Garden flowers

I have turned into an 830pm gardener. It’s my perfect hour for getting on.

I wrote down a list of things I have done this week at the witching hour. A night raid on the mulch pile at the municipal depot.

I have hard pruned an oak tree up at the bank above the courtyard.

I didn’t plan on attacking it with such vim. But I was promised a bit of work from Bernard in the form of strimming. So I wanted to have it ready for the morrow.

That promise is drifting into next week. But I have a lovely tree and space under the canopy ready for a re-design.

I’ve picked broad beans, peas and lettuce each night for my evening meal which ends up as me perching on an armchair catching up on emails and the news around 10pm.

I have stood stock still watching a HUGE wild boar delicately eating mulberries under the tree on the lower terrace.

(My photos are merely dreadful and hardly illuminating. You can’t see how big the beast is from the hiding spot behind the jostaberries.)

And I have also noted all the things I’m not doing in the evening: washing hair, washing up, hanging out washing on the line.

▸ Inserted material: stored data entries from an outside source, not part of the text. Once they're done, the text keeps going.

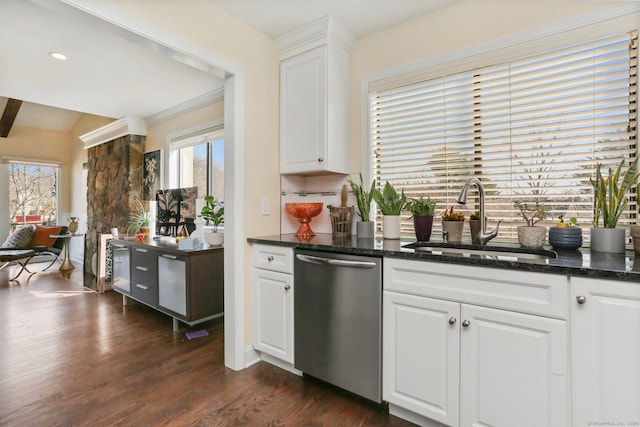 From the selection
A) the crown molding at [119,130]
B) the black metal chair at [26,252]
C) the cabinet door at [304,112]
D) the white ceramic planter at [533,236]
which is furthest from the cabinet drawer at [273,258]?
the black metal chair at [26,252]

So on that stinky and slightly itchy and grubby note, I give you a few more of Neal’s lovely pictures.

 

 

How does he manage to turn my New Dawn roses so pink? I always see them as white. But he assured me that there was no filter, nor fiddling. Just a sunset shot at the right angle.

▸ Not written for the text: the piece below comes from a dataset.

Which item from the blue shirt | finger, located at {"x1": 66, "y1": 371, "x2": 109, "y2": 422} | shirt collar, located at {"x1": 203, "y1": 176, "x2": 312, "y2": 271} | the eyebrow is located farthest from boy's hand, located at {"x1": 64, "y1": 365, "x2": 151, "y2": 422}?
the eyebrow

The macro lens makes a difference. That and being a damn good photographer!

He had a wander up to the potting shed and snapped quite a lot of the succulents in the pots I have lining the path.

I gave up on pelargoniums or anything else years ago. These beauties never need watering and still look handsome.

And what a difference a damp spring will make. I’m not even ashamed of my stachys. Last year they looked parched and limp and I was threatening them with the compost heap.